Your task is to copy the lines of the data below from the line holding "West Town Apartment" through the line holding "2025 Jeep Grand Cherokee Overland", inclusive, exactly and with nothing added.

EXERCISE INPUT
....................

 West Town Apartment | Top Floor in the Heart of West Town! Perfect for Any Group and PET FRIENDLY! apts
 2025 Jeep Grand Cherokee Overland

....................

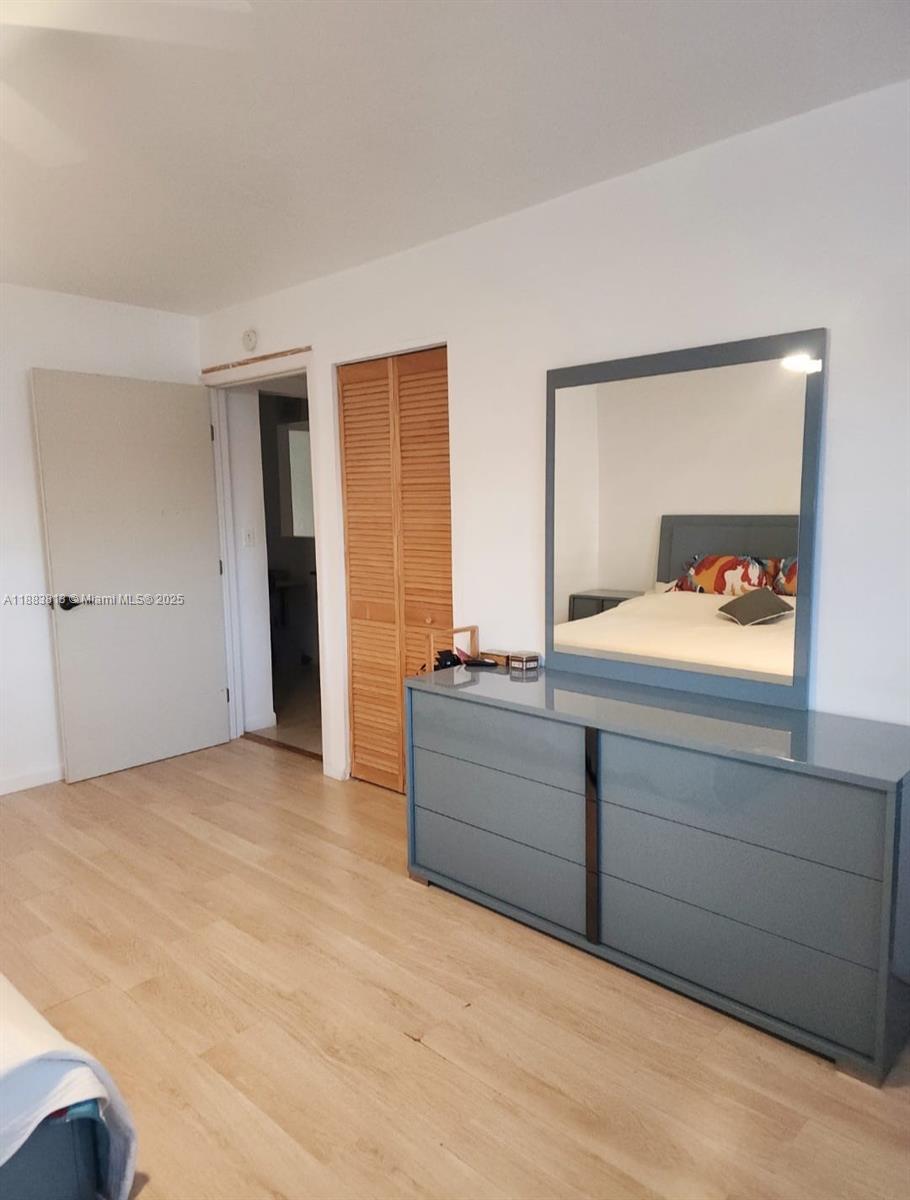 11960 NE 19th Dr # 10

....................

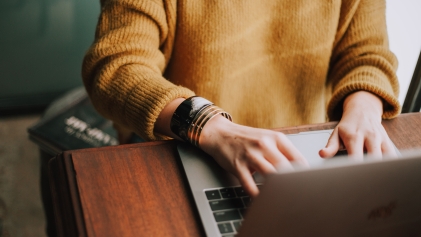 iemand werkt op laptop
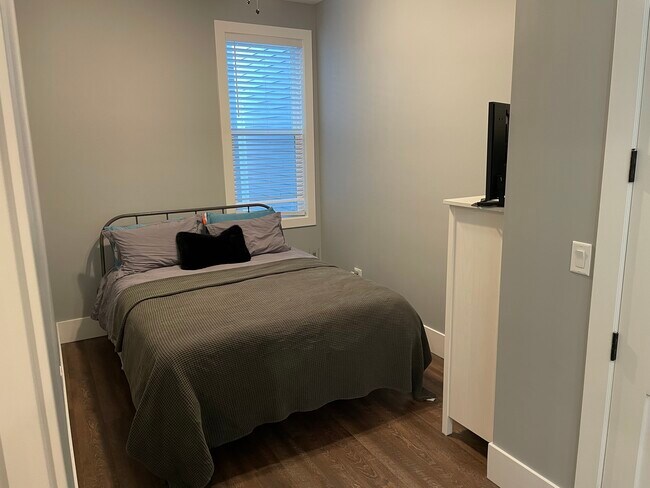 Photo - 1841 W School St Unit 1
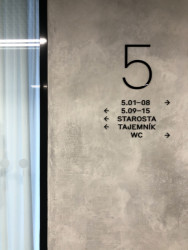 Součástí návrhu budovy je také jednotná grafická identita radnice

....................

TASK OUTPUT
 West Town Apartment | Top Floor in the Heart of West Town! Perfect for Any Group and PET FRIENDLY! apts
 2025 Jeep Grand Cherokee Overland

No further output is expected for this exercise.